The defendant, Roberge Painting Company, Inc., moves for summary judgment as to count two of the second amended complaint of the plaintiff, Anibal Vazquez, on the ground that there is no genuine issue of material fact regarding liability. The plaintiff’s alleged injury occurred when he attempted to move a plastic tarp that was secured to a live electrical wire with metal clamps, resulting in electrocution. The defendant argues that it did not perform any work in the area of the building where the plaintiff’s alleged injury occurred. The defendant further argues that it had completed its work and turned possession and control of the work area to Pratt & Whitney months before the plaintiff’s alleged injury occurred, and that it therefore did not owe the plaintiff a duty of care. The plaintiff responds that the defendant has a duty to anyone, including the plaintiff, who could foreseeably be injured by the work the defendant performed. The plaintiff further argues that there is a genuine issue of material fact as to whether the defendant performed work in the area where the plaintiff was allegedly injured.

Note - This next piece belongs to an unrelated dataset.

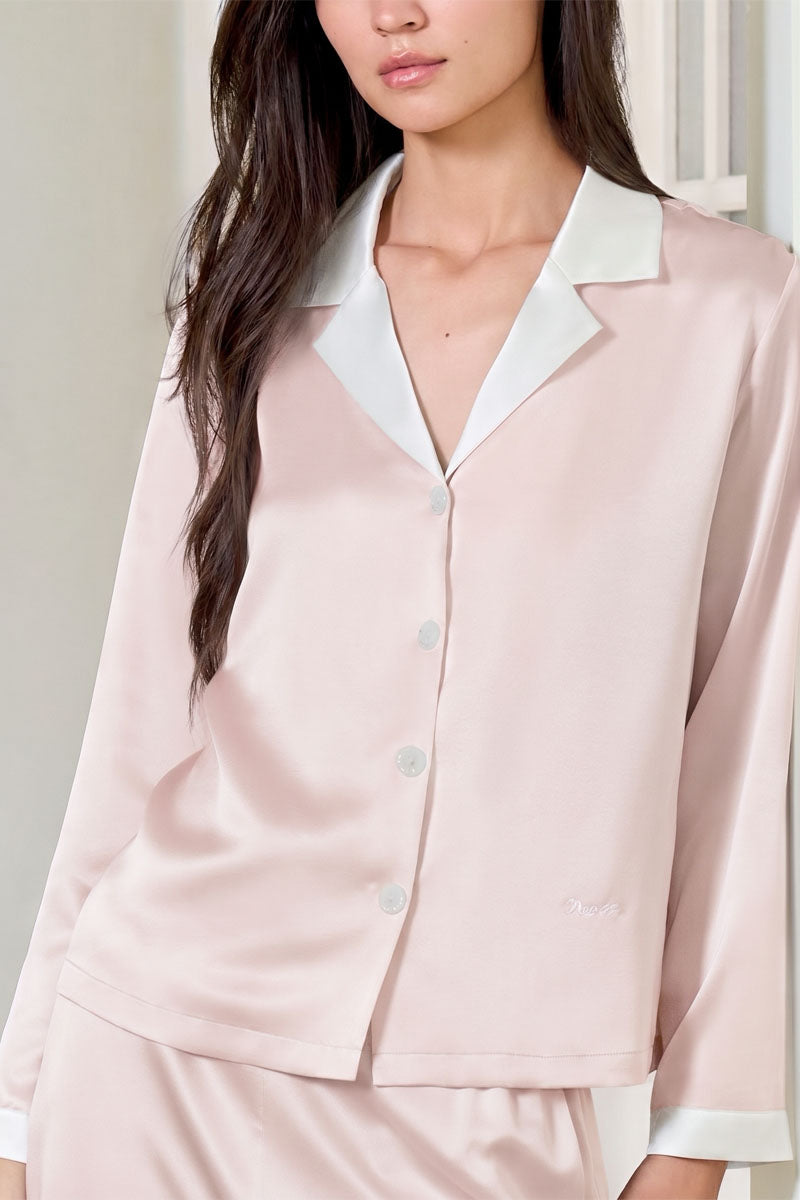 Pink silk pajama set for women by MANITO, featuring a comfortable, elegant design in a soft, luxurious fabric.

The plaintiff has alleged negligence against United Technologies Corporation, Pratt and Whitney Division (United Technologies) in count one. JCJ Services, LLC, (JCJ Services) the plaintiff’s employer, is a third-party defendant. For convenience, all references to the defendant in this order are to Roberge Painting Company, Inc.

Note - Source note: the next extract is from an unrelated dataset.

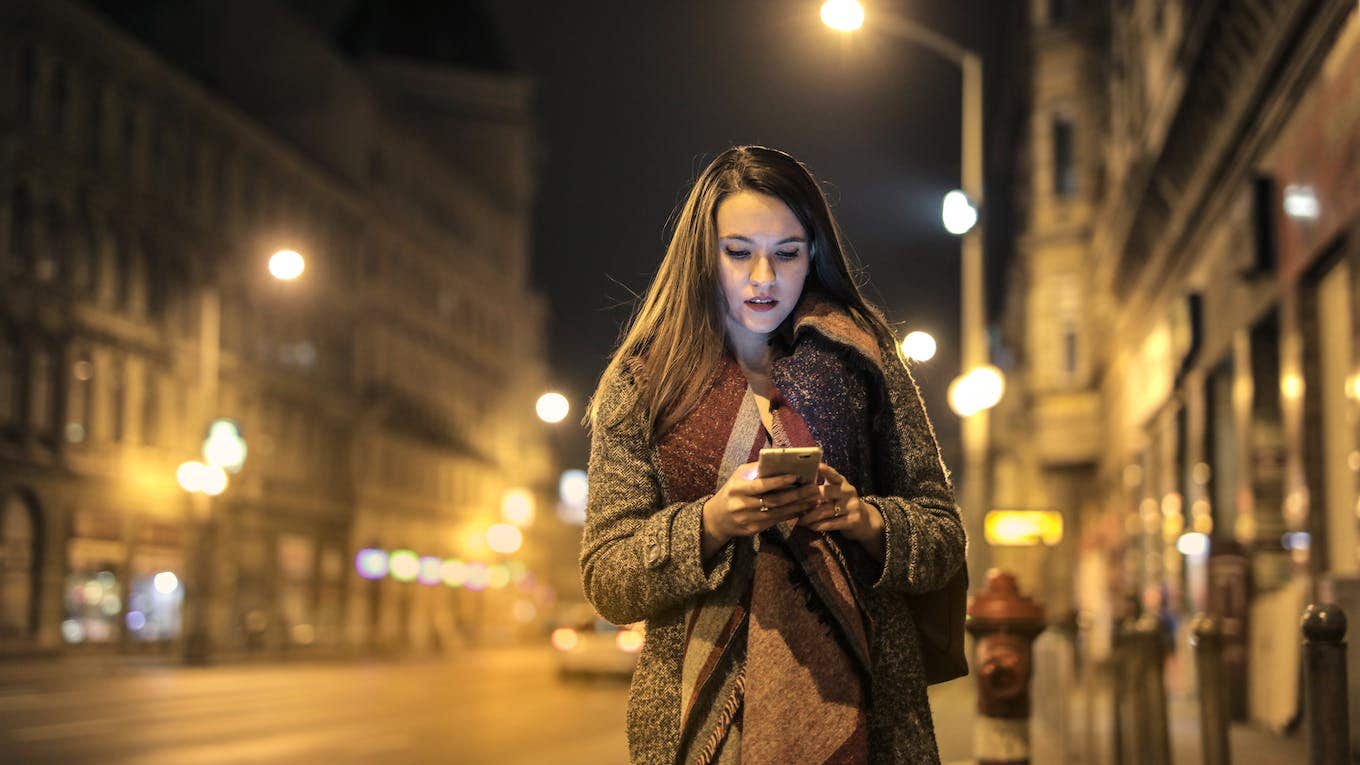 woman on the phone walking on the street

"Practice Book § 17-49 provides that summary judgment shall be rendered forthwith if the pleadings, affidavits and any other proof submitted show that there is no genuine issue as to any material fact and that the moving party is entitled to judgment as a matter of law." (Internal quotation marks omitted.) Graham v. Commissioner of Transportation, 330 Conn. 400, 414, 195 A.3d 664 (2018). "A material fact ... [is] a fact which will make a difference in the result of the case." (Internal quotation marks omitted.) Doe v. West Hartford, 328 Conn. 172, 191-92, 177 A.3d 1128 (2018).
In the present case, there is a genuine issue of material fact as to whether the defendant performed work in the area where the plaintiff’s alleged injury occurred, including whether the defendant erected the relevant tarp in question. This is highlighted in the discovery responses of United Technologies and JCJ Services. United Technologies states in its response to the plaintiff’s interrogatories that the "Plaintiff’s Complaint is vague and ambiguous as to where the injury occurred," but that "upon information and belief, Plaintiff’s alleged injury occurred in Building M. The relevant enclosure/curtain in Building M would have been erected by Plaintiff’s employer JCJ ... or Roberge Painting Co., not Pratt & Whitney." JCJ Services states in its response to the plaintiff’s and defendant’s interrogatories that "[u]pon information and belief, the relevant enclosure/curtain in Building M was erected by Roberge Painting Co." Therefore, there is a genuine issue of material fact as to whether the defendant hung the tarp in question.
In addition, the parties disagree over the applicability of Minton v. Krish, 34 Conn.App. 361 (1994) to the present matter. In Minton, the court adopted the rule of foreseeability with respect to independent contractor liability and found that a contractor’s liability was not precluded by a foreseeable injury stemming from their work, despite the fact that the injury occurred several months after their work had been completed and accepted. Id., 361-62. Thus, in the present matter, it is irrelevant whether the defendant had possession or control of the work area at the time of the plaintiff’s alleged injury. Because there is a genuine issue of material fact as to whether the alleged defective condition arose from the work performed by the defendant, the applicability of Minton will ultimately depend on the plaintiff’s ability to show whether the defendant erected the tarp in question.
Viewing the evidence in the light most favorable to the plaintiff, there is a genuine issue of material fact as to whether the defendant hung the tarp in question. Accordingly, the defendant’s motion for summary judgment is hereby denied.